Final exams are mercifully over and it is time for merry-making - going to see films, to restaurants or even out of the city. But for the younger siblings of those taking the board examinations, holiday time is full of "Shh, don't make noise" because 'bhaiya' or 'didi' is studying.
Most schools are done with their final examinations and this is the time when the holidays are really "freeee" - no boring homework, no projects and, more important, no studying for tests.
With the board examinations ending late this week and the new academic year to start April 1, the younger siblings have still to wait to "freak out".
For 11-year-old Arvind Krishnan, his plans to call friends over have been turned down by his parents. "It is just not fair. My exams ended last week, and it is my right to enjoy my real free time. But with elder brother's board exams on, my parents have banned my playing on the computer as he might get distracted. I have also been told to watch TV with the volume at a minimum," said a visibly unhappy Arvind.
An avid computer gamer, Arvind had planned to catch up with his favourite video games after his exams got over as well as watch movies. But mama said a firm "no".

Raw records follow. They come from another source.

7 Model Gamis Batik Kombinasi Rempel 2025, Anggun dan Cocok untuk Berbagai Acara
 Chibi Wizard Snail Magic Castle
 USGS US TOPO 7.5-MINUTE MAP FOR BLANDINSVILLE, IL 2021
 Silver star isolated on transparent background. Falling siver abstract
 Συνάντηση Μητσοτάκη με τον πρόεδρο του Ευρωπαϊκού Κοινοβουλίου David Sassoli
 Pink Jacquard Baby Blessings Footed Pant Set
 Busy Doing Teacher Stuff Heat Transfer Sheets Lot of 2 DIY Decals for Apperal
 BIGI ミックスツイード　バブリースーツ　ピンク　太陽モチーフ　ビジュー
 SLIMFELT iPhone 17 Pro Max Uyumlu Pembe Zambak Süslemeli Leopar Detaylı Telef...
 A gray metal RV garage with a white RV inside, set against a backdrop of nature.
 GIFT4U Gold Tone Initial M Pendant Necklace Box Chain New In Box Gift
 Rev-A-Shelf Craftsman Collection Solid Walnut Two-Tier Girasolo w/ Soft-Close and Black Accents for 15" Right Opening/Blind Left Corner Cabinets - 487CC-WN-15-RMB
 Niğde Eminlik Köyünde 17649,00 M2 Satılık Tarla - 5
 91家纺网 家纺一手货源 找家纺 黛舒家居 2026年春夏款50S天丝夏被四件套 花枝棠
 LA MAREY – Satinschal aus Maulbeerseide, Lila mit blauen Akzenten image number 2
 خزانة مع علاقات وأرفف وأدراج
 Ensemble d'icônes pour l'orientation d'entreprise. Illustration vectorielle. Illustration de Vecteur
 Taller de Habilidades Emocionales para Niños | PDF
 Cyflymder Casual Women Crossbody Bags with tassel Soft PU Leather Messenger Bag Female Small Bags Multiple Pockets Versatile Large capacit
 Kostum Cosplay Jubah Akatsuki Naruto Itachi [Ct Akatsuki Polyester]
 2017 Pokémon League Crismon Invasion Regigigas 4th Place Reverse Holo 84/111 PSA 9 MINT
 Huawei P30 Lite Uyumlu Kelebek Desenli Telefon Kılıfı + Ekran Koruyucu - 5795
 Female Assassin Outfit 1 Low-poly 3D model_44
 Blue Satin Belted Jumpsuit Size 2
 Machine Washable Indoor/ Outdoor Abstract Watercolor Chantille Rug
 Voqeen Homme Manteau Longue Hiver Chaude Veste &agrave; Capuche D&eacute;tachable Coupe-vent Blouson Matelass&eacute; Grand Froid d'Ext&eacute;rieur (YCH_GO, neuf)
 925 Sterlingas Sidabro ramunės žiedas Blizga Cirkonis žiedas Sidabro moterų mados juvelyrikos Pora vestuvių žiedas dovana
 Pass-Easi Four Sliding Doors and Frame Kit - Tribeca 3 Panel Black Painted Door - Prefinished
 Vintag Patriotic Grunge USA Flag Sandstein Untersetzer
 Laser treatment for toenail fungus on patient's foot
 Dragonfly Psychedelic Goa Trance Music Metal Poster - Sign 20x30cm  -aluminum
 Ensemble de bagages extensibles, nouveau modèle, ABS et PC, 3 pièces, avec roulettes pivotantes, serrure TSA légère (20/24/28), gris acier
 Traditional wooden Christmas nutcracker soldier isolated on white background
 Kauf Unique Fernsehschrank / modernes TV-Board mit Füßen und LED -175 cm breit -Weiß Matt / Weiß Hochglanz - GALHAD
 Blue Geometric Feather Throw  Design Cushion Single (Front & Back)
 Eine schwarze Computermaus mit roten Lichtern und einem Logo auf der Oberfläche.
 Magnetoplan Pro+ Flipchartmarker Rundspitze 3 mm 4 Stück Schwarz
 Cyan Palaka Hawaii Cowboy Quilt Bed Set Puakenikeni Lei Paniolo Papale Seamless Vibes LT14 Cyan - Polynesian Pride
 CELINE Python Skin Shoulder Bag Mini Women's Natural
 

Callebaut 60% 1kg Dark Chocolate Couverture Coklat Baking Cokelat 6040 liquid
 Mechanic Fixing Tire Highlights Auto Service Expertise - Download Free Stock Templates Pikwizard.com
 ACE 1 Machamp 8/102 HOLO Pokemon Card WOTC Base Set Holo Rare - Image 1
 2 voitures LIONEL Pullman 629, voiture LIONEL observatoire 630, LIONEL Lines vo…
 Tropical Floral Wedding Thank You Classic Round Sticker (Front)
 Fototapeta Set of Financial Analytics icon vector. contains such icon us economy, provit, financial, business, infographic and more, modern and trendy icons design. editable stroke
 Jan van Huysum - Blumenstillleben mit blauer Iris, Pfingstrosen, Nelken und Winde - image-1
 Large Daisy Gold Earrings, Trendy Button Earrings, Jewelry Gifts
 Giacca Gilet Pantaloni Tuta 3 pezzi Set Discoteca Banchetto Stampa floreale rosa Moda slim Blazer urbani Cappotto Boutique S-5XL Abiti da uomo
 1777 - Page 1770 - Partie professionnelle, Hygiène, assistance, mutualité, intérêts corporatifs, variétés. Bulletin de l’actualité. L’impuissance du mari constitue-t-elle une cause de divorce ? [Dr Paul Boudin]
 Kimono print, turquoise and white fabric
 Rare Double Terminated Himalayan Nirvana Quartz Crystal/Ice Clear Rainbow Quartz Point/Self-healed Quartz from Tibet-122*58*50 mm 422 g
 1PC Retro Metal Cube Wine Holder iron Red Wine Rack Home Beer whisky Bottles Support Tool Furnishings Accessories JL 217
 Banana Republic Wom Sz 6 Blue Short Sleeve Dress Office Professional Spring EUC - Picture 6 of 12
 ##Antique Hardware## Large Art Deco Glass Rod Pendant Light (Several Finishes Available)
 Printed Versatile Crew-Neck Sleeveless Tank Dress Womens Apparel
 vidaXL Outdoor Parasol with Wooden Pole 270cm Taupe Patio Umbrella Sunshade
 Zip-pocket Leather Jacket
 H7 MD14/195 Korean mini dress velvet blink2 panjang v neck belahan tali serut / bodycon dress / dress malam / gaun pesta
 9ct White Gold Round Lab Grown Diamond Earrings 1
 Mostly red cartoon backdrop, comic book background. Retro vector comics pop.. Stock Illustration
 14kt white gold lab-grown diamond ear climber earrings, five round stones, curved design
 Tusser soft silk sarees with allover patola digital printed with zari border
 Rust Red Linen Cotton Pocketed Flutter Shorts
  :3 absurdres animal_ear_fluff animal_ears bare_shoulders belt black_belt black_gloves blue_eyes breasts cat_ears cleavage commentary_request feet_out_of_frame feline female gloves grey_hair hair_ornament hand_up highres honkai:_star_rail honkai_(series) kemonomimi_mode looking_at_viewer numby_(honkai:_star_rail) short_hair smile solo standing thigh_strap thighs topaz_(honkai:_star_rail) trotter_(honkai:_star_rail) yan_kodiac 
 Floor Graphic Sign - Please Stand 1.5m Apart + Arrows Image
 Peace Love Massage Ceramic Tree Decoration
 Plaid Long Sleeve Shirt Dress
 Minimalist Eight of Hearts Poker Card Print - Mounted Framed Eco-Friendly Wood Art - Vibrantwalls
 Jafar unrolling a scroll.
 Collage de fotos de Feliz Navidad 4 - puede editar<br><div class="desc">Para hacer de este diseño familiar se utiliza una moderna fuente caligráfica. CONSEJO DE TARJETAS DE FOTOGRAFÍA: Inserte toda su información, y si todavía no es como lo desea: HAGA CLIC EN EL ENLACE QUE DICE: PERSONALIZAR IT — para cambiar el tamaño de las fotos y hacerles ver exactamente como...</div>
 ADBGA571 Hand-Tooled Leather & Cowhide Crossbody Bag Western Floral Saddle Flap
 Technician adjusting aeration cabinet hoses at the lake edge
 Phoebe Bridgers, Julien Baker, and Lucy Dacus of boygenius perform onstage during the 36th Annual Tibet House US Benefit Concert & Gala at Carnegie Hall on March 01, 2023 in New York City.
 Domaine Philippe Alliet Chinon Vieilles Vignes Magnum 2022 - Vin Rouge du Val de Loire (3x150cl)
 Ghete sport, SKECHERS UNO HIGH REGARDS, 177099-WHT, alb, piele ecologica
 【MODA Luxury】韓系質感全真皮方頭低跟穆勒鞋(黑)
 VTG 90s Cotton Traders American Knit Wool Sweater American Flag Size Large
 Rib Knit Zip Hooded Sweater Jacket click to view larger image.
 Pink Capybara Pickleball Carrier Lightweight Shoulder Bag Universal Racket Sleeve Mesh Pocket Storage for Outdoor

"I feel sorry for him, but what can I do. My elder son is taking his Class 10 boards and gets inevitably drawn to the computer whenever Arvind decides to play. So, I have pleaded with him not to play on the computer," explained his mother Mina.
The Class 10 board exams end March 27, leaving Arvind with just a few days before he begins Class 6 on April 1. In the meantime, books have to be bought for the new class - and covered with brown paper and plastic sheet, a time consuming affair for most parents.
Satyajit Ghosh, who goes to Class 4 in the new session, has resignedly put up with his elder sister's board exams. His parents have promised him a holiday during the summer vacations. But with many schools beginning their Class 11 lessons even before the board results are announced in mid-May, Satyajit's hopes of going on the promised holiday might just not take off as his sister would be neck deep into studies.
Aishwarya Jaishankar, who goes to Class 5 this session, gets just two days to go out with her parents and elder brother. Her elder brother's Class 12 board exams end March 26 and her new class begins March 28.
"She is okay about it. There is no other way out, I guess," says her father Jaishankar. "We've promised the children a good holiday during the summer break."
The month-long board exams have also begun telling on the patience of the students taking them. "I wish the exams would end, it is beginning to get so boring. I am tired of studying," said Srikant V., who has only two papers to take - Science on March 25 and MCQ or Multiple Choice Questions on Science on March 27 - before his Class 10 board exams end.
For the parents too, it is a relief each time their wards finish a paper. "It's four papers over, and two more to go. I'm counting the days when my daughter finishes her board exams," said a tense Meenakshi Loomba, who has been trying to help daughter Ritu with some of the subjects for the Class 10 exams.